Published May 15, 2026 | https://doi.org/10.59350/xzyqv-d3793

Getting predictions when estimating direct vs total effects.

Creators & Contributors

  • 1. ROR icon University of Kentucky
Feature image

I've been noodling over things related to causal inference for a bit now, like DAGs, adjustment sets, marginal effect etc. One thing I hadn't fully appreciated before is how your choice to estimate direct effects will make your model predictions very sensitive to the kind of prediction grid you use. The rest of this post is just me working through these complications step-by-step.

The kind of DAG

A relatively common kind of causal DAG that (implicitly) comes up in linguistics involves some kind of categorical predictor that has an effect on another continuous predictor.

For example:

  • following consonant voicing has an effect on vowel duration
  • vowel duration has an effect on vowel quality
  • following consonant voicing also has an effect on vowel quality

With causal relationships like this, people often ask something like

Is there really an effect of consonant voicing on vowel quality, or is there just an effect of vowel duration?
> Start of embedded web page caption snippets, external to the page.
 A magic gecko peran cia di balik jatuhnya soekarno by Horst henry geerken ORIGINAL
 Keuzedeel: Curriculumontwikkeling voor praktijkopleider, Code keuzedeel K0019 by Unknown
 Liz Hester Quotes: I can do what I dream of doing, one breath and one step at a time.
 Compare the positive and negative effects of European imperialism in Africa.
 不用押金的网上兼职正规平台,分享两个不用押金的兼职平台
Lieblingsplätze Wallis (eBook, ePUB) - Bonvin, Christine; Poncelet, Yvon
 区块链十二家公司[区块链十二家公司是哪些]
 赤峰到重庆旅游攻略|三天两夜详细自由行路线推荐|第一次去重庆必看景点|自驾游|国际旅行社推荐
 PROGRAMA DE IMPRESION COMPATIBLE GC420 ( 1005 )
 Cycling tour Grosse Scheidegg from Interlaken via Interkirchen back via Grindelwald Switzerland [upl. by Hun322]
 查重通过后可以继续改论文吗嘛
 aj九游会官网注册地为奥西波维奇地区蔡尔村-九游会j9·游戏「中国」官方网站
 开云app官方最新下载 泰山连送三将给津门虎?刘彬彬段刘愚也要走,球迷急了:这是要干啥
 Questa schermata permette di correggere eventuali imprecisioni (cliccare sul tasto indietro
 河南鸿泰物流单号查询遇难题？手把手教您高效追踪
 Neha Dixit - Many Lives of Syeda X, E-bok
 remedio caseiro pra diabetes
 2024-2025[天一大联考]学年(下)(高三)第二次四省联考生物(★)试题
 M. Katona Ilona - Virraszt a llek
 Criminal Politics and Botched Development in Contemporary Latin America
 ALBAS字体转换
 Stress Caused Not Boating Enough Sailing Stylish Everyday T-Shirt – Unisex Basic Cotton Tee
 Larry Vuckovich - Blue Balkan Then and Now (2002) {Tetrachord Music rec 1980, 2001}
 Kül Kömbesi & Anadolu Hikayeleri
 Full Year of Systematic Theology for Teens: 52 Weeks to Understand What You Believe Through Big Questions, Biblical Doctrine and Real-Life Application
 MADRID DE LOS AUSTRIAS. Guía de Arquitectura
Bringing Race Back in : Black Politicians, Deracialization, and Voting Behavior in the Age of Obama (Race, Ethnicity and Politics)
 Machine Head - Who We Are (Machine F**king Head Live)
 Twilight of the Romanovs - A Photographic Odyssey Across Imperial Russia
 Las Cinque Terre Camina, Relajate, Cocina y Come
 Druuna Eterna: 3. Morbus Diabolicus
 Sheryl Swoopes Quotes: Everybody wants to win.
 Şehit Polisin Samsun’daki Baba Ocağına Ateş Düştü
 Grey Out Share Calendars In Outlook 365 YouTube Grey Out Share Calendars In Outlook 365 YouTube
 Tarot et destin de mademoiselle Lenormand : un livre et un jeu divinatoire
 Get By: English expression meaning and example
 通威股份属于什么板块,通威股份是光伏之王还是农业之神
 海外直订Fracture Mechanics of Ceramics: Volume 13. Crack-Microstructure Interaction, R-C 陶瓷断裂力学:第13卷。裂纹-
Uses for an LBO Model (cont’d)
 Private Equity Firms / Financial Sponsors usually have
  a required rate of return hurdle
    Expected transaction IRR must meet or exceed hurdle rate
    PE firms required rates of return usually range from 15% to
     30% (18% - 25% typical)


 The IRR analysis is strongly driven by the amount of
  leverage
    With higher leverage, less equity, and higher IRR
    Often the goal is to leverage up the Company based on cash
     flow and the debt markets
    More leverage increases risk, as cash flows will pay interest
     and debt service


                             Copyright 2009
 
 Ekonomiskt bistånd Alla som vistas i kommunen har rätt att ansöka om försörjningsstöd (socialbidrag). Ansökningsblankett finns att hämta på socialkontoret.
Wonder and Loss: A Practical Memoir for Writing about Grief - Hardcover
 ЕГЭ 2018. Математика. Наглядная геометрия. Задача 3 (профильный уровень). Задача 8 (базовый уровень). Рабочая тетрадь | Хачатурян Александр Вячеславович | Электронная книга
This is a question about the direct effect of voicing on vowel quality. If we set up the dag and check what adjustment variables we need to include to estimate the direct effect of voicing, we'll see that we need to include duration in the model.

voicing_dag <- ggdag::dagify(
  quality ~ voicing + duration,
  duration ~ voicing
)

dagitty::adjustmentSets(
  voicing_dag, 
  outcome = "quality",
  exposure = "voicing",
  effect = "direct"
) 
{ duration }

But, if we wanted to estimate the total effect of voicing on vowel quality, we shouldn't include duration.

dagitty::adjustmentSets(
  voicing_dag, 
  outcome = "quality",
  exposure = "voicing",
  effect = "total"
) 

This difference between direct and total effects feels a bit abstract sometimes. I'm going to walk through a little example using the penguins dataset, with a focus for how we should approach getting model predictions.

Data setup

The causal relationships I'll look at in the penguins data set are:

  • species has an effect on body mass
  • body mass has an effect on bill length
  • species also has an effect on bill length

If we look at the effect of species on both bill length and body mass, we can see a clear effect for both:

Plotting code
penguins |>
  select(
    species, body_mass, bill_len
  ) |>
    drop_na() |>
    pivot_longer(
      body_mass:bill_len,
      names_to = "measure"
    ) |>
    ggplot(
      aes(species, value)
    )+
      stat_dots(
        side = "both"
      ) +
      facet_wrap(
        ~measure,
        scales = "free_y"
      ) +
      labs(y = NULL) -> p

p
p+theme_darkmode()

And if we look at the effect of body mass on bill length, we can see another very clear effect.

Plotting code
penguins |> 
  ggplot(
    aes(body_mass, bill_len, color = species)
  ) + 
    geom_point() +
    guides(
      color = "none"
    )-> p

p + 
 stat_ellipse(
  geom = "labelpath",
  aes(label = species),
  hjust = 0,
  label.padding = 0.01,
  show.legend = F  
) 

p  + 
 stat_ellipse(
  geom = "labelpath",
  aes(label = species),
  hjust = 0,
  label.padding = 0.01,
  fill = plot_bg,
  show.legend = F
) + 
  theme_darkmode()

Let's, really quick, get the mean and standard error of bill length by species.

penguins |>
  drop_na(starts_with("bill_")) ->
  penguin_full

penguin_full|>
  summarise(
    .by = species,
    estimate = mean(bill_len),
    sd = sd(bill_len),
    n = n()
  ) |> 
  mutate(
    se = sd / (sqrt(n)),
    conf.low = estimate - (1.96*se),
    conf.high = estimate + (1.96*se),
    method = "mean"
  ) ->
  mean_est
table_code
mean_est |>
  select(species, estimate, conf.low, conf.high) |>
  tt()
species estimate conf.low conf.high
Adelie 38.8 38.4 39.2
Gentoo 47.5 47 48
Chinstrap 48.8 48 49.6

I'll call these quantities with a superscript for each species.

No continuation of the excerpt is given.